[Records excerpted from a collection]
# # # # #

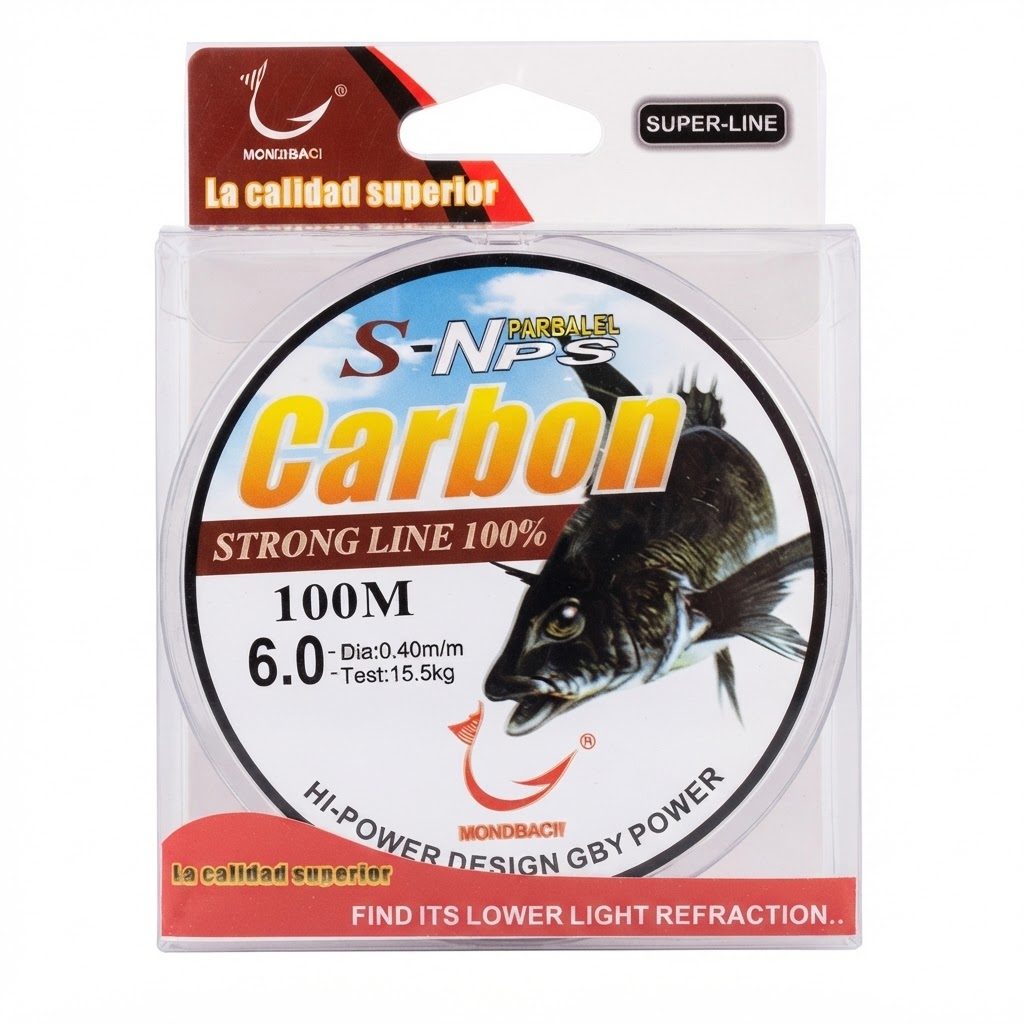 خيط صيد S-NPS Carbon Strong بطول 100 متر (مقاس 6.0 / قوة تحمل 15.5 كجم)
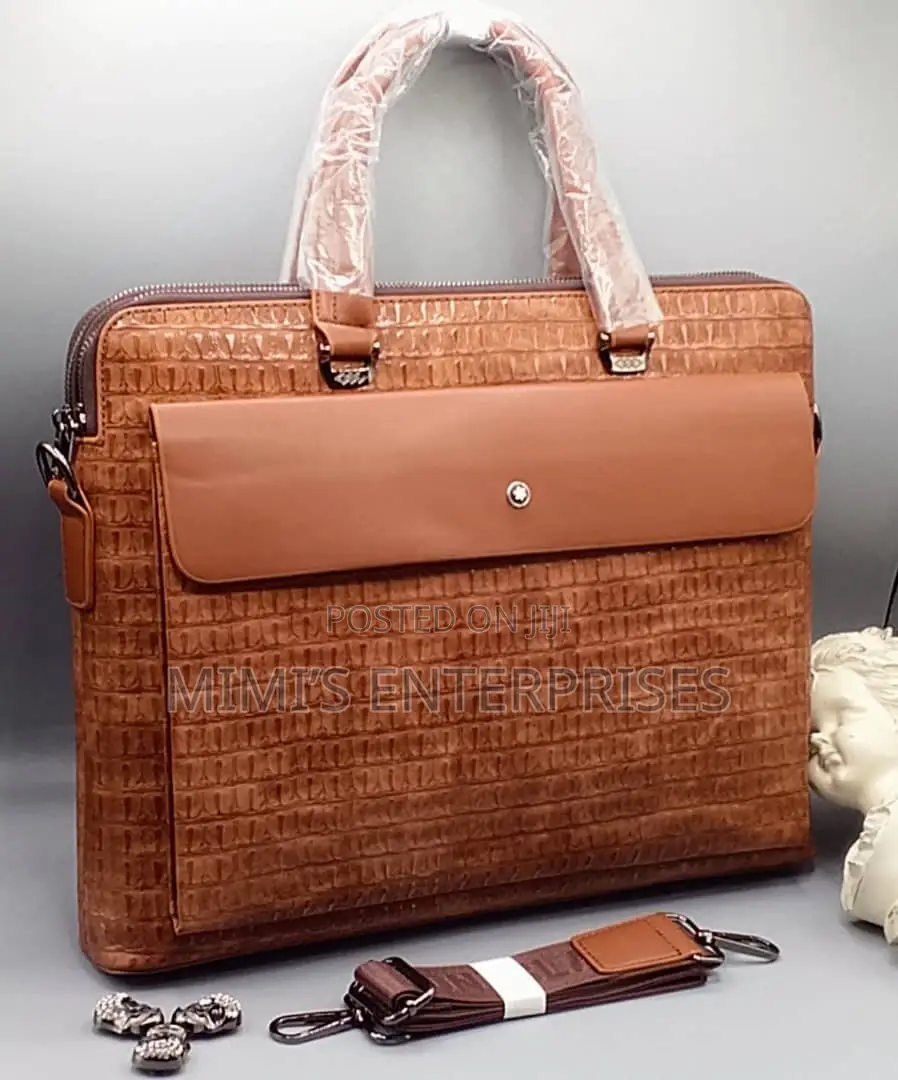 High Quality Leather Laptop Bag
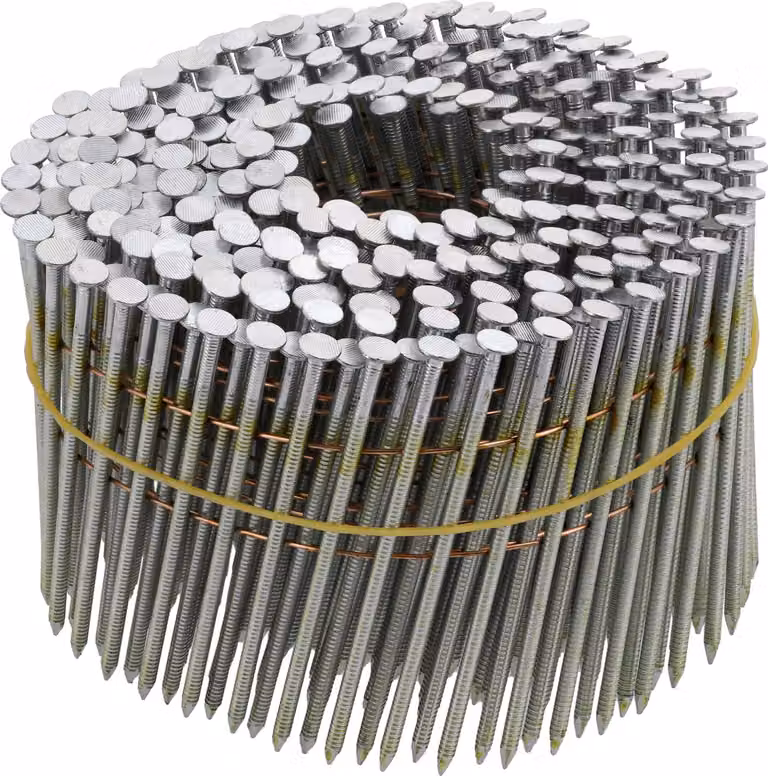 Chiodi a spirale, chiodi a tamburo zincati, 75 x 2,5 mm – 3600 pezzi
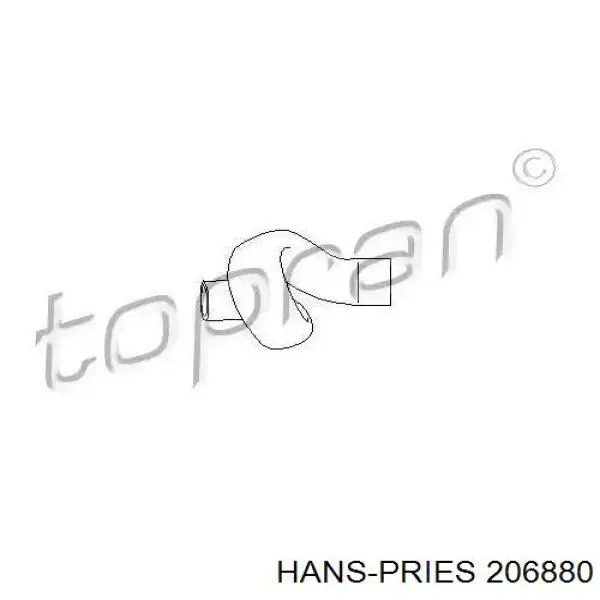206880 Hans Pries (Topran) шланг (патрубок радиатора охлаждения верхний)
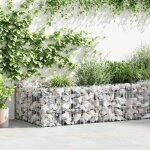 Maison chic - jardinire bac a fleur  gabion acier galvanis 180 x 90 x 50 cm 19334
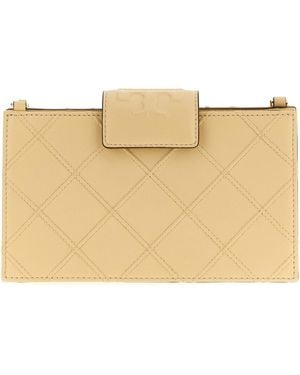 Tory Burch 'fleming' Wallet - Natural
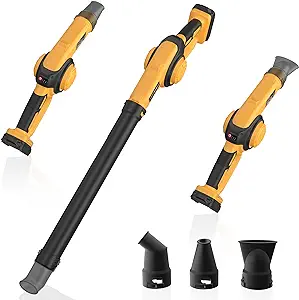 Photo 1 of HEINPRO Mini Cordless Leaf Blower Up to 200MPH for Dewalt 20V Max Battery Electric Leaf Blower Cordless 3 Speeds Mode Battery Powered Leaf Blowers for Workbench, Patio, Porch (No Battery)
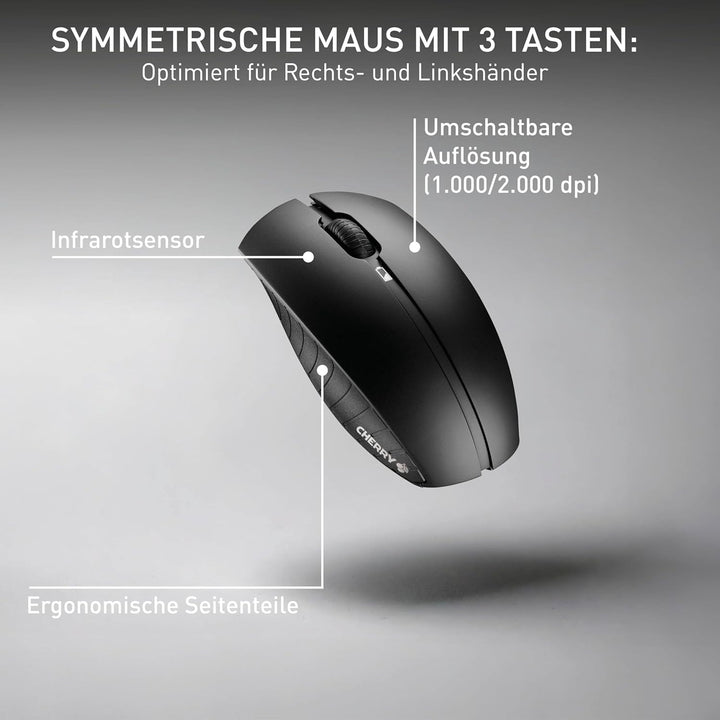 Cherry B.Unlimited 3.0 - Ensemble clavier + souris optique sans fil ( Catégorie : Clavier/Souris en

# # # # #

• **What you need to do**: Quote exactly, and only, the lines from the line containing "Photo 1 of HEINPRO" through the final line of the records above, both included, omitting any pictures.

• **Reply to the exercise**:
 Photo 1 of HEINPRO Mini Cordless Leaf Blower Up to 200MPH for Dewalt 20V Max Battery Electric Leaf Blower Cordless 3 Speeds Mode Battery Powered Leaf Blowers for Workbench, Patio, Porch (No Battery)
 Cherry B.Unlimited 3.0 - Ensemble clavier + souris optique sans fil ( Catégorie : Clavier/Souris en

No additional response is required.